Middle fingers in the air. You can bet the ushers at the Hummingbird
Centre don't see a show like this every night. "Everything has been
said before," sang Marilyn Manson during his opening number, The
New S***. "Let us entertain you!" And so the shock rocker brought
his new album, The Golden Age of Grotesque, to life with a macabre
moulin rouge spectacle that was less ranting, more rocking. Manson specializes
in shocking the easily offended with anti-authoritarian messages and
creepy visuals. But his new disc shows he's more into Berlin-style vaudeville
and burlesque lately.
So
the 90-minute performance was heavy on theatrical shadows, camp and
titilation. Most of that came courtesy of a pair of two flexible, scantily-clad
"dancers," who appeared in military chic, as makeshift siamese twins
and in garters with nude-coloured bikinis which might have made them
look naked to the back of the room, but were all an illusion. A lesser
performer would have been upstaged by the girls, but Manson is an excellent
showman, a veteran ringleader. He's come a long way from his first Toronto
show in 1996, when he took Polaroid photos of his crotch then tossed
them into the crowd at Molson Park. Last night, he commanded attention
with nothing more than his funny faces, silly John Cleese-style military
march and a set of fun, heavy songs like Disposable Teens and
Use Your Fist and Not Your Mouth. "I'm not even going to waste
breath talking about religion or politics tonight," he said, before
launching into a spirited version of Rock is Dead.

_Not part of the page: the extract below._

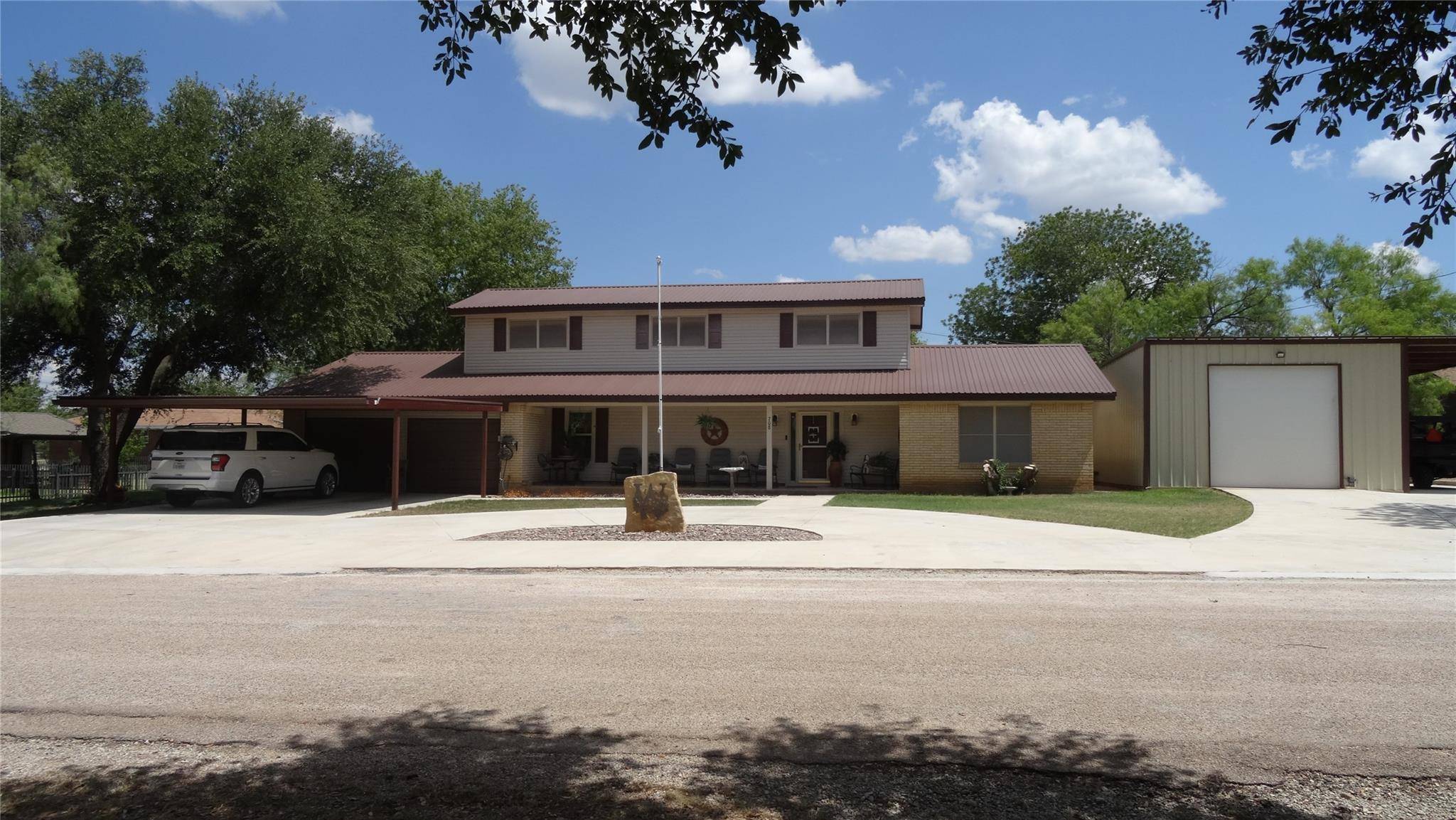 Baird, TX 79504,708 Brookview Drive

The show featured
a half-dozen different stage setups, various props and costumes, hastily
assembled in a few seconds of black between songs. At one point, Manson
rose to the ceiling a on a black pedestal, later he donned fake arm
extensions. For The Golden Age of Grotesque, Manson wedged his
microphone between the butt cheeks of on of his dancers, then sang out
of it. Pretty tame for a guy who has been known to expose himself on
stage, actually. Just when it seemed Manson's show would be all fun
and no fury, he appeared in blackface and Mickey Mouse ears, accompanied
by a giant inflatable version of same, for his hit The Beautiful People.
Certainly, this statement is giving the Disney family nightmares.
Nice
to see that after all these years, even a playful Marilyn Manson can
still be a creep.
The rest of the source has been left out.